Topping: 1-2 additional tablespoons sugar and lemon rind to sprinkle over the top before baking

Method:

Preheat oven to 350°.

Make some buttermilk: Add 1 tablespoon of lemon juice to 3/4 cups of milk and let it sit on the counter while you mix the dry ingredients.

Mix flour, sugar, baking powder, and salt together. Using a pastry cutter cut it in the butter until the mixture resembles coarse meal.

Add the egg to the milk and lemon mixture and whisk to blend well. Add wet ingredients to the flour mixture along with the dried currants and grated lemon peel. Stir with a fork just until evenly moistened (dough will look crumbly).

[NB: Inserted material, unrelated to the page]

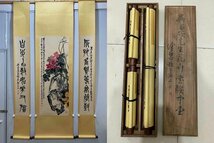 ■観心・時代旧蔵■C3979中国古書画 呉昌碩 木箱付 掛け軸 立軸 水墨中国画巻物 書画 巻き物 肉筆保証品_画像1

Place a piece of parchment paper on your counter. Dump the dough over the paper and handling it as little as possible shape it into a circle about 7 inches in diameter. Cut the circle into 8 wedges, sprinkle with a bit of sugar and some of the grated lemon and then lift the whole thing with the parchment and place it on a baking sheet.

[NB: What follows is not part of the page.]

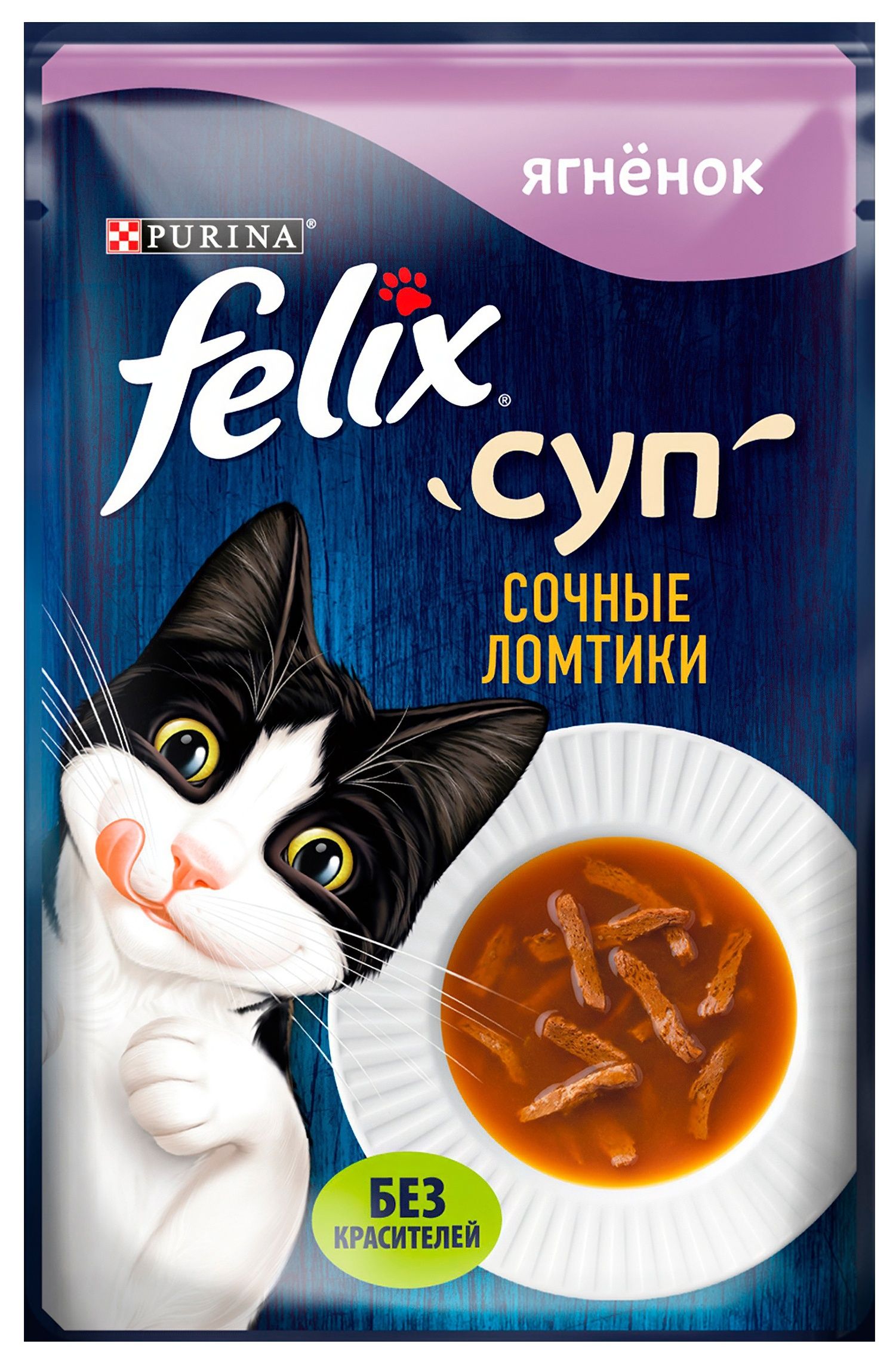 Felix суп. Felix суп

Bake the scones until the tops are browned, 20 to 25 minutes. Lift them off the baking sheet onto a cooling rack with the parchment and let them cool about 10 minutes.

Some Tips:

Some people use a food processor to blend the dry ingredients, but I prefer to use a pastry cutter (like this one), which results in fewer dishes to wash. (It’s also nice and quiet.) If you don’t have a pastry cutter, you can use a knife to cut the butter into the flour.

When combining the dry ingredients with the wet ones you want to mix as little as possible. If you over mix things the scones won’t be as flaky.

I like to place a piece of parchment paper about the size of the baking sheet I plan to use on the counter. I shape the scones right on it and then grab the paper from the sides to transfer the scones to the baking sheet. This way your counter stays clean.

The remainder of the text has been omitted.